Now, it's all change again. In two years time, London, Cardiff, Northern Ireland and several other areas get new area codes, supposedly because of spiralling demand for new phone numbers. The phone companies tell us it's our own fault for wanting to use faxes, the Internet, separate lines for our teenage children, new burglar alarms and the like. But they then spend every waking moment trying to sell us further exotic uses for fibre optic cables.
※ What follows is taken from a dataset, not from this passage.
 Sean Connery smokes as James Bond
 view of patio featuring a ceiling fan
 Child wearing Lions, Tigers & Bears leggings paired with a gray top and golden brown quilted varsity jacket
Do they think of the huge cost to phone subscribers when they make these decisions? This is not just about reprinting a few sheets of fragrant lavender notepaper. It is about telling eight million mothers, ten times each, that the number has changed. It is about the number of times you dial the wrong code and get that especially irritating voice telling you that you must dial again and you won't be charged. It is about the fact that whatever your new area code is, some estate agent will tell the newspapers that it's deeply unfashionable. And above all it is about Whitehall's determination to stop us identifying too closely with the regions in which we live.

However, there is a silver lining. Labour, though centralist by instinct, had a decentralising manifesto, to which it must, sometime, pay some attention. Even the phone companies are being brought into line. London, tragically divided between the 0171s and 0181 five years ago, will once again be reunited - ironically just about the time that the capital elects Richard Branson or somebody else Mayor of London. Perhaps the new Mayor will get to receive his first phone call of congratulations from the Prime Minister of Scotland, who will , if he is wise, be very nice indeed to his newly elected regional colleague. Other powerhouse city-regions - Cardiff in Wales, Manchester in the North-West, Birmingham in the Midlands can soon expect to elect their own regional bosses. And this will not only change local government; it will change the dynamics of national government too.

That's because, as the Balkanisation of Britain picks up pace, the barons who lead the city regions of the UK will want to rewrite the Magna Carta. In this respect, the pre-eminent baron in the land will be the Mayor of London. He or she will represent a third of the UK's economic power; the south-east has nearly a quarter of the population, and is the most dynamic region in Europe. This powerhouse provides more than pounds 6bn pounds worth of subsidy to the rest of the nation each year, according to a study by the distinguished economist Douglas McWilliams.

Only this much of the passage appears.